PROCESSED_DIR = DATA_DIR / "processed"

ARTIFACTS_DIR = PROJECT_ROOT / "artifacts"
MODELS_DIR = ARTIFACTS_DIR / "models"
PRED_DIR = ARTIFACTS_DIR / "predictions"
REPORTS_DIR = ARTIFACTS_DIR / "reports"
METRICS_DIR = ARTIFACTS_DIR / "metrics"
FIGURES_DIR = ARTIFACTS_DIR / "figures"

for d in [RAW_DIR, PROCESSED_DIR, MODELS_DIR, PRED_DIR, REPORTS_DIR, METRICS_DIR, FIGURES_DIR]:
    d.mkdir(parents=True, exist_ok=True)

print("PROJECT_ROOT:", PROJECT_ROOT)
print("REPORTS_DIR:", REPORTS_DIR)
print("METRICS_DIR:", METRICS_DIR)

PROJECT_ROOT: C:\Users\seony\Desktop\personal_project\purchase_prediction
REPORTS_DIR: C:\Users\seony\Desktop\personal_project\purchase_prediction\artifacts\reports
METRICS_DIR: C:\Users\seony\Desktop\personal_project\purchase_prediction\artifacts\metrics


In [2]:
import numpy as np
import pandas as pd
from pathlib import Path

In [3]:
# ============ Inputs (artifacts) ============
PURCHASE_VALID = METRICS_DIR / "purchase_metrics_valid.csv"
PURCHASE_TEST  = METRICS_DIR / "purchase_metrics_test.csv"
THRESH_SEL     = METRICS_DIR / "threshold_selection.csv"

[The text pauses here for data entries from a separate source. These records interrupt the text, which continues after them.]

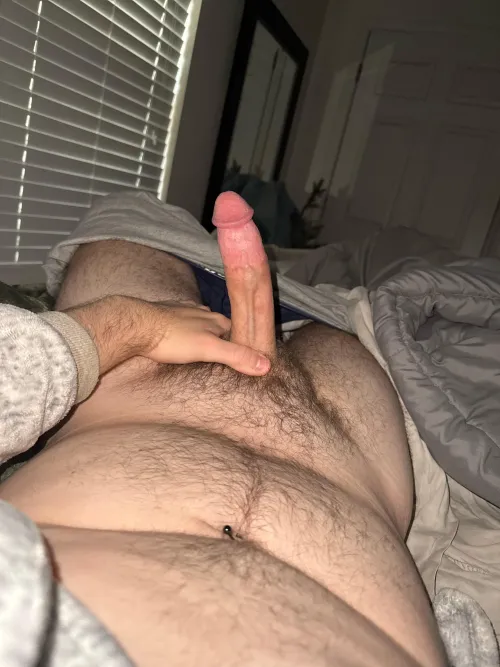 Thumbnail Peniseateruwu: Who's Gonna Take Care of This Morning Wood in Gaymersgonewild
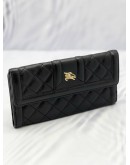 (PRE OWNED) BURBERRY BLACK QUILTED LEATHER TRIM WALLET 
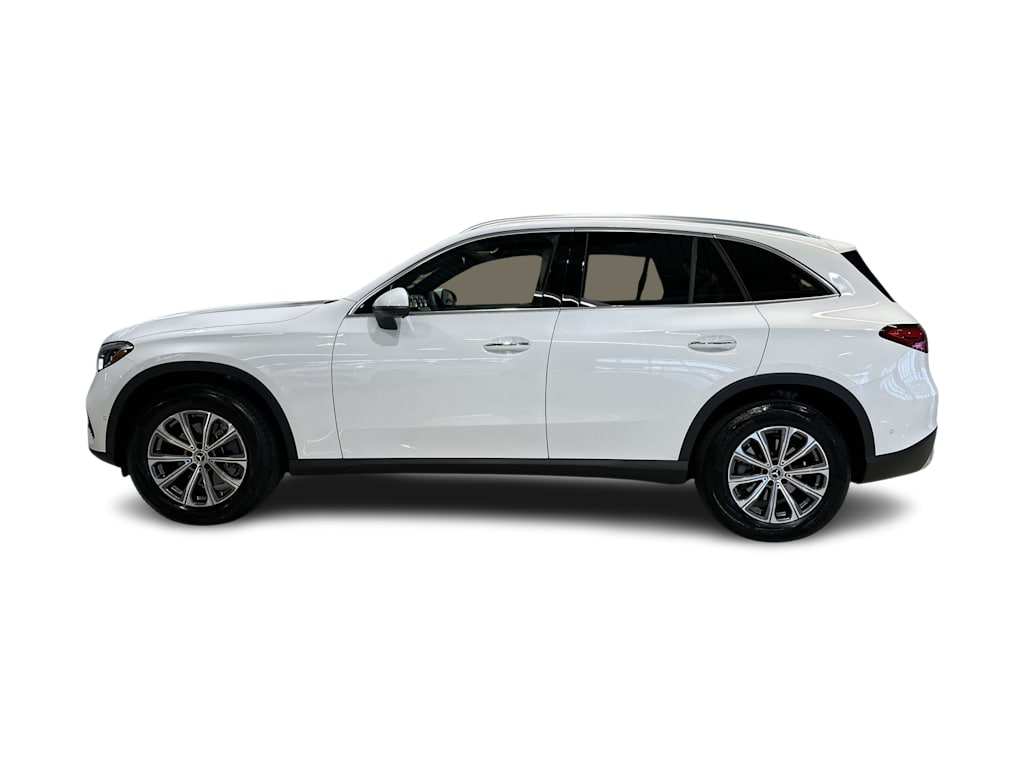 Thumbnail: 2026 Mercedes-Benz GLC - 29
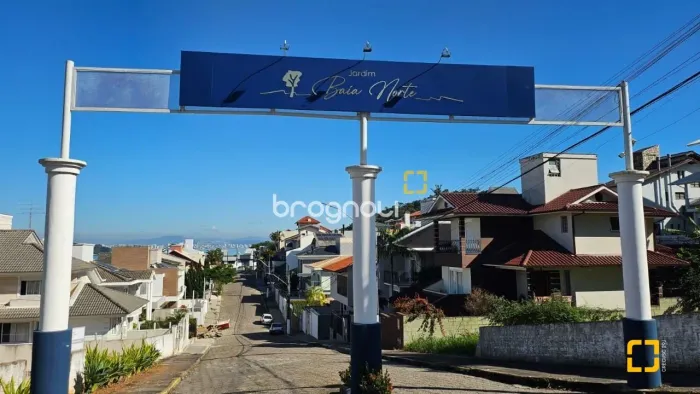 Casa com 4 quartos à venda no Bairro João Paulo com linda vista para o mar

CAL_VALID = METRICS_DIR / "calibration_metrics_valid.csv"
CAL_TEST  = METRICS_DIR / "calibration_metrics_test.csv"

PRED_TEST_CAL = PRED_DIR / "predictions_test_calibrated.csv"
PRED_VALID_CAL = PRED_DIR / "predictions_valid_calibrated.csv"

ALPHA_BETA_BEST = REPORTS_DIR / "alpha_beta_best.csv"

CURVE_COMPARE = REPORTS_DIR / "revenue_capture_curve_compare.csv"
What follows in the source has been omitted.